Ontologies for the social sciences: what they are, and why we need them

Written by Emilio Cammarata (Trainee Data Management at ODISSEI) and Angelica Maineri (Data Manager at ODISSEI)

Introduction

The “I” in FAIR stands for Interoperability, and it means that not only a human but also a machine needs to be able to communicate, interpret and share information with other agents. Interoperability has been defined in the founding article of FAIR principles as “the ability of data or tools from non-cooperating resources to integrate or work together with minimal effort” [1, p. 2]. Interoperability thus requires to integrate digital objects or systems in a standard way, so that the meaning of those objects can be understood and processed by different applications.

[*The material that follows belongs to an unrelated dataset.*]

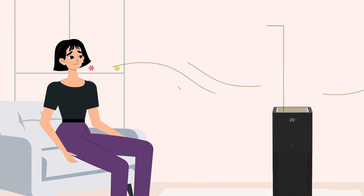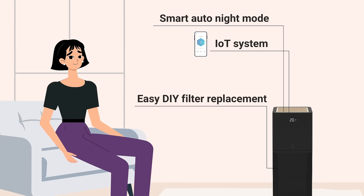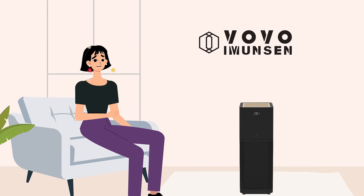With advanced features like Smart Auto Night Mode, IoT system, easy DIY filter replacement, PM LED indicator, and more, the Immensen Air Purifier will provide the best comfort with fresh, clean air every day.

The Interoperability principle encourages the use of structured vocabularies, namely curated collections of terms and relationships among them. There are different flavours of such structured vocabularies, and in a previous short article from the ODISSEI FAIR support series [2], we went through the concepts of controlled vocabularies, taxonomies and thesauri, which are structured vocabularies with a relatively limited array of relationships among terms, for instance “it is broader than” or “it is equivalent to”. There are situations where you need to be able to describe more complex, semantically-rich relationships among entities: for instance, you may want to represent that a person “is a member of” a group, or that a student “is enrolled in” a course: for these uses, you need ontologies.

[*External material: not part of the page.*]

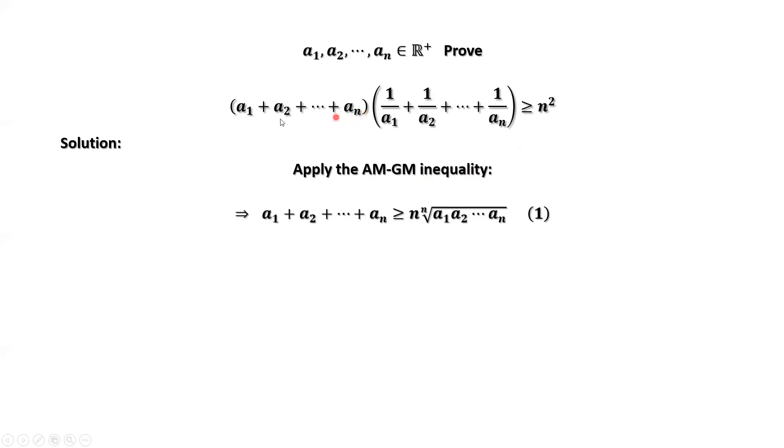For the first part, A1 plus A2 plus until plus An is bigger than or equal to N times the Nth root of A1 times A2 until times An. This is the first result.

The aim of this short article is to explore the possible uses of ontologies, as developed in philosophy first and in computer sciences later, and why they are relevant for the social sciences. After defining what an ontology is, we provide a very minimal yet practical example to illustrate the use of the tool. We conclude by explaining possible applications of ontologies for the FAIRification of social science research, and introducing you to the Awesome List of Ontologies for the Social Sciences.

Ontologies: what are they?

A (computational) ontology is a ‘formal, explicit specification of a shared conceptualization’ [3,p.2] or a description of the meaning of the data, which is provided in an uniform way in order to be understood by different people (or machines) [4]. In other words, an ontology consists of a set of concepts, represented by terms, and of relationships among these concepts. Unlike thesauri (see [2]), in which only specific types of relationships can be specified (i.e. hierarchy, association, equivalence), relationships specified in an ontology can have rich semantic qualifiers.^a In this way, an ontology can represent complex and fine-grained relationships between concepts – ideally, all relationships pertaining to the act of being should be described, although, in practice, only the relevant ones in a specific domain are represented.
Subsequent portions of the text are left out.